Effect of the Central Bank of Nigeria’s (CBN) banking reforms that resulted in mergers and acquisition of some banks is now emerging as the affected banks are riding on the part of growth, as seen in the 2012 financial results.

For instance, Ecobank Transnational Incorporated, parent company of the pan-African banking group, has presented its audited financial result for the 12 months ended December 31, 2012, which shows a profit after tax of $287 million, up 39 percent from the previous year.

The bank’s balance sheet growth reveals that it records total assets of $20 billion, up $2.8 billion, or 16 percent from previous year.

Its successful integration of landmark acquisitions in Ghana and Nigeria, resulting in significantly increased market share in both countries in terms of total assets (#1 in Ghana, #6 in Nigeria), including investments of $74 million in one-off restructuring costs that will enable it benefit fully from the enlarged platform, the management states.

According to the bank’s strong performance in the fourth quarter, with customer loans growing by 10 percent, non-interest revenue up by 62 percent compared with third quarter 2012 run-rate, boosted by a $72.4 million refund from the Asset Management Corporation of Nigeria (AMCON) in respect of the Oceanic Bank acquisition.

Commenting on the result, Thierry Tanoh, group chief executive office, says: “These very pleasing results reflect the successful integration of our two major acquisitions in Ghana and Nigeria, strong demand for retail banking services across our 33 country platform, increasing trade and commercial flows between Middle Africa and the rest of the world, together with a strong performance of our dedicated staff.”

Ecobank Nigeria reported profit before tax for 2012 of $64.1 million, an increase of $25 million, or 65 percent, compared with 2011 primarily driven by revenue growth from domestic bank loans, trading activity and the sale of available-for-sale securities.

Further more, it revenue increased by $382 million, or 106 percent to $743million from the prior year period, primarily due to a128 percent growth in net interest income and 85 percent growth in non-interest revenue.
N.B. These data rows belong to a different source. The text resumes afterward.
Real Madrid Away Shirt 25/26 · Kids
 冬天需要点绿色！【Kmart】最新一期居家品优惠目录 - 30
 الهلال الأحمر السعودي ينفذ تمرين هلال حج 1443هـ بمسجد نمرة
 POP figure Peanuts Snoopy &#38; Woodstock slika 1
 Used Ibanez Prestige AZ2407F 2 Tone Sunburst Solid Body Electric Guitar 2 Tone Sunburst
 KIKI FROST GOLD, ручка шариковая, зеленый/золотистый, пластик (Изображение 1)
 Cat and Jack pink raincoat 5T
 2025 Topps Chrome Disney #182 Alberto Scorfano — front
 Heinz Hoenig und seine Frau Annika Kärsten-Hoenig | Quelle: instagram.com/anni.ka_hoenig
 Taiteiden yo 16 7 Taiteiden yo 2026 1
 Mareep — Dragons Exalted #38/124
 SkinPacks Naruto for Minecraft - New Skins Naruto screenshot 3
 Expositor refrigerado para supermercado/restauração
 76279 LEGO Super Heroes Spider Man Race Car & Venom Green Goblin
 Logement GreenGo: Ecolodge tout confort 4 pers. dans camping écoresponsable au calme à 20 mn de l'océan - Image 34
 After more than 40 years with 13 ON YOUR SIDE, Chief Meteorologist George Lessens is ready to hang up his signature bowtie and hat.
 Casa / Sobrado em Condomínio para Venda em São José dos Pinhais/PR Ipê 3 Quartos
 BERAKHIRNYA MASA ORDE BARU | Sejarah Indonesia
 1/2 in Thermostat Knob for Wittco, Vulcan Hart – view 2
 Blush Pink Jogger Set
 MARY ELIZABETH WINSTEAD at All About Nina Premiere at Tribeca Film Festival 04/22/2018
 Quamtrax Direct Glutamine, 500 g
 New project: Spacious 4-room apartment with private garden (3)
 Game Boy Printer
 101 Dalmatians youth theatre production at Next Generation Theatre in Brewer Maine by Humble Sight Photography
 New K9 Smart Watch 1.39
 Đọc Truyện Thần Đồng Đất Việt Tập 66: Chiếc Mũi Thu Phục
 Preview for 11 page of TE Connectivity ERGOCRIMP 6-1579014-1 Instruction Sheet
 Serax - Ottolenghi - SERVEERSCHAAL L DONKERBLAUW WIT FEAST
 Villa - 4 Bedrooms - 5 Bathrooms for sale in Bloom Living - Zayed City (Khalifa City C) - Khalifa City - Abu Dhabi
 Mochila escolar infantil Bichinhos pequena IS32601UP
The increase in net interest income was largely driven by the full year contribution of Oceanic Bank (compared to only two months in 2011) and modest volume growth. The increase in non-interest revenue was primarily attributable to an 87 percent growth in net fees and commissions and a 186 percent growth in net trading income. The growth in net fees and commissions was driven by higher cash management fees, credit related fees and a 374 percent growth in card management fees. Net trading income benefited from a growth of $61.1 million from interest rate instruments and FX transaction gains.

Operating expenses were $614 million, an increase of $321 million, or 110 percent from the prior year period, primarily driven by higher staff expenses and one-off costs related to its acquisition of Oceanic Bank.

These costs, largely related to restructuring costs and professional fees, are not expected to recur in 2013.

Similarly, Sterling Bank plc, audited report, prepared in line with the International Financial Reporting Standards (IFRS) and approved by all financial services regulatory agencies, has been presented to the investing public at the Nigerian Stock Exchange (NSE).

Key extracts of the report showed that the bank consolidated its growth and seamlessly harnessed the synergies from its recent acquisition with both outward and underlying performance indicators indicating marked improvements.

While gross earnings grew by 51 percent, profit from core operations (excluding the effect of one-off disposal of subsidiaries in 2011) increased by 108 percent; while the proportion of non-performing loans to total loans portfolio improved considerably to 3.8 percent as against 4.8 percent in the previous year. Net interest margin improved from 5 percent to 5.2 percent, underlying increasing profitability of the bank’s core banking operations in spite of the tough operating environment.